_Your instructions_
Word for word, restate the lines from the start of the data below through the line containing "Knee High Boots".
(Information supplied begins)
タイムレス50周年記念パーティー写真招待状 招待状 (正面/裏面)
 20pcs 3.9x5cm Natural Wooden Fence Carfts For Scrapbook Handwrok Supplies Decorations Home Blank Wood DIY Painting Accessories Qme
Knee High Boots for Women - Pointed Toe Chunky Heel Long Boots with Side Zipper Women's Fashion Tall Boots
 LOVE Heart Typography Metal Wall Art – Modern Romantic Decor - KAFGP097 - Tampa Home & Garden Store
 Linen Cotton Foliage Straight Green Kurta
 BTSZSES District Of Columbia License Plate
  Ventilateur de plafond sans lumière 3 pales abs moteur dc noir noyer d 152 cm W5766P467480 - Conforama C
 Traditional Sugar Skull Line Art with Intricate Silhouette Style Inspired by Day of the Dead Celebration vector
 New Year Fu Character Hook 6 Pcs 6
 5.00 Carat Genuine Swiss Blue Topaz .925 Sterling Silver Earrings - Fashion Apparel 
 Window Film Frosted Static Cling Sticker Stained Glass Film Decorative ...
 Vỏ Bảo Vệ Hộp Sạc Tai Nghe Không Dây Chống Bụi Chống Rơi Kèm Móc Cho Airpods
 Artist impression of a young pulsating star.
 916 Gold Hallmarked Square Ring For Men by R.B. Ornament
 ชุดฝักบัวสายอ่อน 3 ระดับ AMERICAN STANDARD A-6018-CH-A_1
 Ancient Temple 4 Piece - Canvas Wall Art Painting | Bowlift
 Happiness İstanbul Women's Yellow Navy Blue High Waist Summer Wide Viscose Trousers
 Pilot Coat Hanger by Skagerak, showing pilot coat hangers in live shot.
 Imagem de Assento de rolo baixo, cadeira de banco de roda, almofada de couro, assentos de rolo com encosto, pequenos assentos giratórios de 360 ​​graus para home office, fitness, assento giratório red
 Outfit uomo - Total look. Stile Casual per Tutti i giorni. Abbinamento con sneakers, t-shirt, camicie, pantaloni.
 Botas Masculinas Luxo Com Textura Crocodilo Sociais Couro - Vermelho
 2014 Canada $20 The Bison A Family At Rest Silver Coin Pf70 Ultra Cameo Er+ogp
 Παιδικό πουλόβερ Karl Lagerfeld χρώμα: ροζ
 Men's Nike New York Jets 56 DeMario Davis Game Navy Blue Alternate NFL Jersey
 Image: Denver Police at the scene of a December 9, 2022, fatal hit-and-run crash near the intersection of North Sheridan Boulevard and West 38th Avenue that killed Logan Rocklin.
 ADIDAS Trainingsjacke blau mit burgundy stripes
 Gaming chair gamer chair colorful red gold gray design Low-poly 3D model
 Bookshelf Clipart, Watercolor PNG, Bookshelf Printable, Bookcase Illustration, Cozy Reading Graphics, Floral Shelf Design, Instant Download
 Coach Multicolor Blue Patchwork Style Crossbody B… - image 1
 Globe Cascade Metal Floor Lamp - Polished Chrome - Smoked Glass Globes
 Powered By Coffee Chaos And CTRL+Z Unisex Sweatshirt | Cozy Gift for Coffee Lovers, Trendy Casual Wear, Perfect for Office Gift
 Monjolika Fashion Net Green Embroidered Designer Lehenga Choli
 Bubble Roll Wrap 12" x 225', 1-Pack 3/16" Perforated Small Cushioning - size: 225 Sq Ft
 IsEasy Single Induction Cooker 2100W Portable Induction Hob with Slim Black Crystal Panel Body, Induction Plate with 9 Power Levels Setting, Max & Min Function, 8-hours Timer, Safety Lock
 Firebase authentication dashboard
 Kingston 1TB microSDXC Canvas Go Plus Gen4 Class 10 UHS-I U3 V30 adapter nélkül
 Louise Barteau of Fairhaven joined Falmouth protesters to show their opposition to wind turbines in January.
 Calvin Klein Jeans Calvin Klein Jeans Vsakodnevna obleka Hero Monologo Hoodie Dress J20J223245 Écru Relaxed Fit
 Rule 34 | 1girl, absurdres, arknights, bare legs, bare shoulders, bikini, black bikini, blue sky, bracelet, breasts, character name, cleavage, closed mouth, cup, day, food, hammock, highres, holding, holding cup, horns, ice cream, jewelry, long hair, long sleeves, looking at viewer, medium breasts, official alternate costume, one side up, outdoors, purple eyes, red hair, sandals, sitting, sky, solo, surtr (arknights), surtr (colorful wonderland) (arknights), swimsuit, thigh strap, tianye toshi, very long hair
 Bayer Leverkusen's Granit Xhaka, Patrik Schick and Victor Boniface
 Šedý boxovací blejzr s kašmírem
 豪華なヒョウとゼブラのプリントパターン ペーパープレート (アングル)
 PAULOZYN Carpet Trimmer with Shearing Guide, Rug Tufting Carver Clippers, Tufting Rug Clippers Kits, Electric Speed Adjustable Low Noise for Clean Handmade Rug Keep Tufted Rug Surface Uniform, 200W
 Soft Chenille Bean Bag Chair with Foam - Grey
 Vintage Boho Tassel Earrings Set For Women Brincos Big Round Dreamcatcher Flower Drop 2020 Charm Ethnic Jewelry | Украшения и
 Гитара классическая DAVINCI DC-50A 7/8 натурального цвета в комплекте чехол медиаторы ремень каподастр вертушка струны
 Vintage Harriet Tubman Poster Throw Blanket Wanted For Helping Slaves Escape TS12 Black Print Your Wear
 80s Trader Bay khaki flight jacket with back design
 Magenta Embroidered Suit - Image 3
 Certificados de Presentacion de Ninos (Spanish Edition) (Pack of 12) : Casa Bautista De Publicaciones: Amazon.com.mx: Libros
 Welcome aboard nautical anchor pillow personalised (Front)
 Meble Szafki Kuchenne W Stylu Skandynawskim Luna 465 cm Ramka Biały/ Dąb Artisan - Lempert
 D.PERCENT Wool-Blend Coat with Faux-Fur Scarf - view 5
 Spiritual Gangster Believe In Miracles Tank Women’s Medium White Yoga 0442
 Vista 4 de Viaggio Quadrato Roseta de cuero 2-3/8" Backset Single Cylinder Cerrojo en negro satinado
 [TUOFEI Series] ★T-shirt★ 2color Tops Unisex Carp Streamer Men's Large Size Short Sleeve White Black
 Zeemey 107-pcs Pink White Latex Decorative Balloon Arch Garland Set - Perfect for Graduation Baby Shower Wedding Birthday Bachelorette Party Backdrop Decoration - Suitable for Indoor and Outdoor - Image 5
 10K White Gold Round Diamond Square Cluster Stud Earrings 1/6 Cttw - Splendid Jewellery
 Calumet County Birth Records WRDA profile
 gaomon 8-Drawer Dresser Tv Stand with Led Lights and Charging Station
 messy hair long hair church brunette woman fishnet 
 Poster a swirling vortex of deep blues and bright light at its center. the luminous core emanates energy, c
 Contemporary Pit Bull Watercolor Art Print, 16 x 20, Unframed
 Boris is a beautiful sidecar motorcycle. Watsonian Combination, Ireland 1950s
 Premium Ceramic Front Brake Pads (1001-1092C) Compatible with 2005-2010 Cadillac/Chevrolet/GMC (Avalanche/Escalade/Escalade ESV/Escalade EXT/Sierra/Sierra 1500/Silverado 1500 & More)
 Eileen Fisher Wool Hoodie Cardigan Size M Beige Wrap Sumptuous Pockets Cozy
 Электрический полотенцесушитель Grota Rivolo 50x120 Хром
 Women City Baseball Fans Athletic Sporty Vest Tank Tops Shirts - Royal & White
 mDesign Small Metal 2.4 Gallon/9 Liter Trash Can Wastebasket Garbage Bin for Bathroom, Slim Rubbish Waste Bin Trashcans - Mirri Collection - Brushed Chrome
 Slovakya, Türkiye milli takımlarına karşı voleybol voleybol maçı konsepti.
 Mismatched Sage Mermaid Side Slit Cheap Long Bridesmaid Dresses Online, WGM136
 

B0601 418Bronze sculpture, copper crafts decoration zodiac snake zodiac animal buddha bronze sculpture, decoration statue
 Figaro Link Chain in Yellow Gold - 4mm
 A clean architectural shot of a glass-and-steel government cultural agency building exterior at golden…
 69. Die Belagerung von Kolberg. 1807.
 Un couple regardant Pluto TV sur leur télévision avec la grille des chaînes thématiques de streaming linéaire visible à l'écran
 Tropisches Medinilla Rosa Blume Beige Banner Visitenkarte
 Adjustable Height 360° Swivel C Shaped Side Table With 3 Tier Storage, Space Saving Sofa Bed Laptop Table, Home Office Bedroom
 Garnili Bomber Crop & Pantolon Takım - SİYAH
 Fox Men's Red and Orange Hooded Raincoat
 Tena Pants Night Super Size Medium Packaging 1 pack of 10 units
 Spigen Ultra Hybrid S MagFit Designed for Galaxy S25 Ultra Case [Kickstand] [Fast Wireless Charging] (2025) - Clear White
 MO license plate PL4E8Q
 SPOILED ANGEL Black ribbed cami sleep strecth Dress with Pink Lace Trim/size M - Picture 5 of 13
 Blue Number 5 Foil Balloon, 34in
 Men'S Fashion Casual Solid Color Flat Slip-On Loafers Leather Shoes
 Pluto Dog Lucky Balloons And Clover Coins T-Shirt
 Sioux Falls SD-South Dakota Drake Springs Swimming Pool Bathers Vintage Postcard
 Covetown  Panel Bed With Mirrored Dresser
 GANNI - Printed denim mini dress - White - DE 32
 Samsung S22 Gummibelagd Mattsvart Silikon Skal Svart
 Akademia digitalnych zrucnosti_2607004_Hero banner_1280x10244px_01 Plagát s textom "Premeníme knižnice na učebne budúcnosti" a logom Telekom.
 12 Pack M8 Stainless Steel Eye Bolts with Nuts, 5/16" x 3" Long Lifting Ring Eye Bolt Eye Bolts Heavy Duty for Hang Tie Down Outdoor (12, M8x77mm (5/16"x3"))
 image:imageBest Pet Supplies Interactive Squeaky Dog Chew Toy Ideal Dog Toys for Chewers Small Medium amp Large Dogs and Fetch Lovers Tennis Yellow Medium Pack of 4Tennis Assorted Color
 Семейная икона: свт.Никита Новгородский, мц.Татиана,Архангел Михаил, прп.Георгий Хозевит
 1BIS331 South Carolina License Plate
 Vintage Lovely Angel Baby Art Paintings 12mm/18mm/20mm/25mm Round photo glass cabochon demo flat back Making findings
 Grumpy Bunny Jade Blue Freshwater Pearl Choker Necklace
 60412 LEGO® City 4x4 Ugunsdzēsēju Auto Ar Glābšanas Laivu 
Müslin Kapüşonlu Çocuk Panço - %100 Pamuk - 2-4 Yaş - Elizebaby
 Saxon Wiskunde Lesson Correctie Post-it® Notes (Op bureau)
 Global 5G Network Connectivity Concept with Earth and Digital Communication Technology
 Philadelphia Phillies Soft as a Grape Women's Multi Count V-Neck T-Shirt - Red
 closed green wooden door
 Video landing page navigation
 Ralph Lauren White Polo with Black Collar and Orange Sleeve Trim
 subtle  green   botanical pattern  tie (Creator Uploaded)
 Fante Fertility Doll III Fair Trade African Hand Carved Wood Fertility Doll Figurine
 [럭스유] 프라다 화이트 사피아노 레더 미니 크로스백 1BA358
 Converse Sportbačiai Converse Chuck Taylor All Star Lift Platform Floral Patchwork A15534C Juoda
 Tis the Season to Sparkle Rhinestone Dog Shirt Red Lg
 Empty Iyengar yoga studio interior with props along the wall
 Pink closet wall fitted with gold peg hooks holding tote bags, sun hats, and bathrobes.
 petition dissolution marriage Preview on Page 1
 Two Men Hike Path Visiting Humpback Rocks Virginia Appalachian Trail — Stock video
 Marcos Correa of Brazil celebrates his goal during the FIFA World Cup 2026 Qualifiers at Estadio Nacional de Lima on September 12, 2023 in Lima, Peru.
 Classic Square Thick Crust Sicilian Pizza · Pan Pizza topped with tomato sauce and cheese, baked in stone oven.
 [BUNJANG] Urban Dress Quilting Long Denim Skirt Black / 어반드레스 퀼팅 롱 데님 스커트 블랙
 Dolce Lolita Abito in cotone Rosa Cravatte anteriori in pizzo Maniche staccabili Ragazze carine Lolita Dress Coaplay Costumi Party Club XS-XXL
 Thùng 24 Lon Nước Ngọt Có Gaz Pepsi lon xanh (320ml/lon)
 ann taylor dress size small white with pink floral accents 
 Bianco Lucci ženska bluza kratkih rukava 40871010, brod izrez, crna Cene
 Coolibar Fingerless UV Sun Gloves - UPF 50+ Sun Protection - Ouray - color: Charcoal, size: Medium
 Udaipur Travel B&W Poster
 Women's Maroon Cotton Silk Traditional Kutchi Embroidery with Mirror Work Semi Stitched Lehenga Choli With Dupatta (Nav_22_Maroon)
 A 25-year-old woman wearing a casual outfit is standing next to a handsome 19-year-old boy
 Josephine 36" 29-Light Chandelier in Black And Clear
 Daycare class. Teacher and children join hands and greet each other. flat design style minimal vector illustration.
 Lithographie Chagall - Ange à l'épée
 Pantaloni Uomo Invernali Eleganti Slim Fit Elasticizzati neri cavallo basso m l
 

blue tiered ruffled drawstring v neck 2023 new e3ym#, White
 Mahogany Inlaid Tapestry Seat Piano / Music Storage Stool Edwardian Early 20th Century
(Information supplied ends)
_Expected answer_
タイムレス50周年記念パーティー写真招待状 招待状 (正面/裏面)
 20pcs 3.9x5cm Natural Wooden Fence Carfts For Scrapbook Handwrok Supplies Decorations Home Blank Wood DIY Painting Accessories Qme
Knee High Boots for Women - Pointed Toe Chunky Heel Long Boots with Side Zipper Women's Fashion Tall Boots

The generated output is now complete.